By December 2013 we had approximately 1,500 reports in total. The majority of our reports come online not from SMS. initially when we launched we had more SMS reports but over the years it has shifted towards online reports.
Before HarassMap was launched no one wanted to talk about this issue, no one was working on this issue, no women's rights NGOs or other organizations were working on this. Now there are so many. HarassMap was the first independent initiative working on this and now there are probably a dozen independent initiatives and more established women's rights NGOs are working on these issues and there is a lot of activism happening. There are a lot of people wanting to do something about it. When we launched we were over run with people who wanted to volunteer and we are constantly getting volunteer requests than we know what to do with, we don't have the capacity to handle them and get them all into the work. This is a good sign that people are fed up and they also realize that we can actually do something about it and i have the right to speak up about this issue - men and women.
It's difficult to measure our impact in terms of going out and telling people to start standing up to sexual harassment because you can't really check people afterwards. its difficult to follow up even though we try to do this as much as possible. We rely on a lot on anecdotes or stories to tell us. For example, in one area where we had been going a lot talking to people, we get stories back from them that people are helping and are standing up against harassment. This makes a big difference to us because this is what we want - we want people to take action when they see it happening. Even if its one person, it really makes a difference.

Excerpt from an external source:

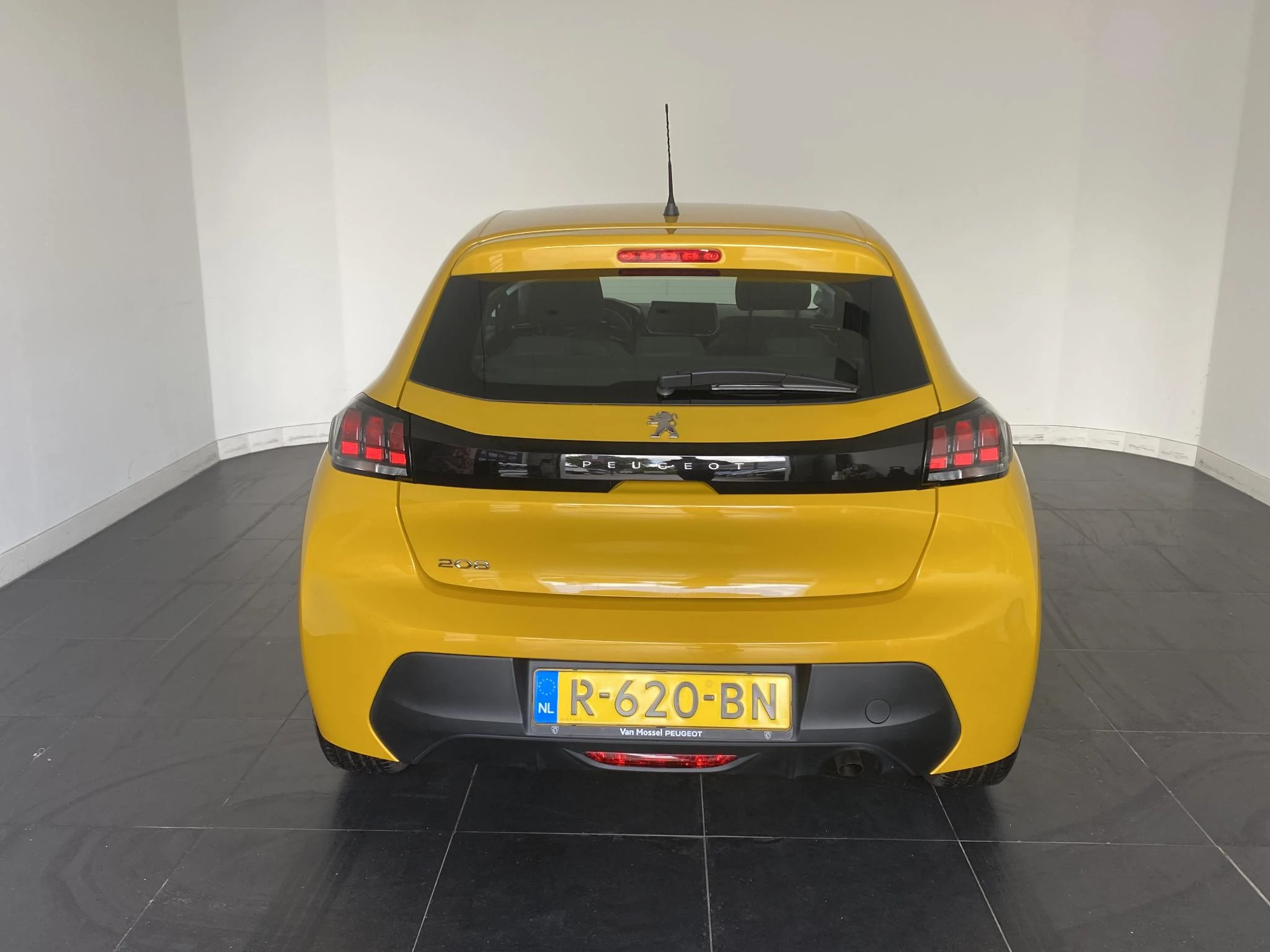 Peugeot-208-image-3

We have two different types of challenges. One challenge would be the environment that we're working in, the NGO law is very restrictive and can be difficult at times to get around. As an NGO in Egypt you have to get permission for a lot of things before you can do any activity and permission can take a long time. So it can delay the work. Our biggest challenge is capacity and specific knowledge. We're always struggling because we don't have the technical expertise to deal with our reporting system or deal with any problems that we have with our map or website. It's specific knowledge that we don't really have here so we're always relying on volunteers from abroad and they of course don't always have time and it's unreliable, so this is slowing down or work significantly.
How does HarassMap make women count?
HarassMap doesn't work specifically with women - most people who get harassed are women, no question about it. Our idea is that we will make a change in women's lives and make things better by engaging men AND women to do something very simple which is just to stand up and say that this is not acceptable.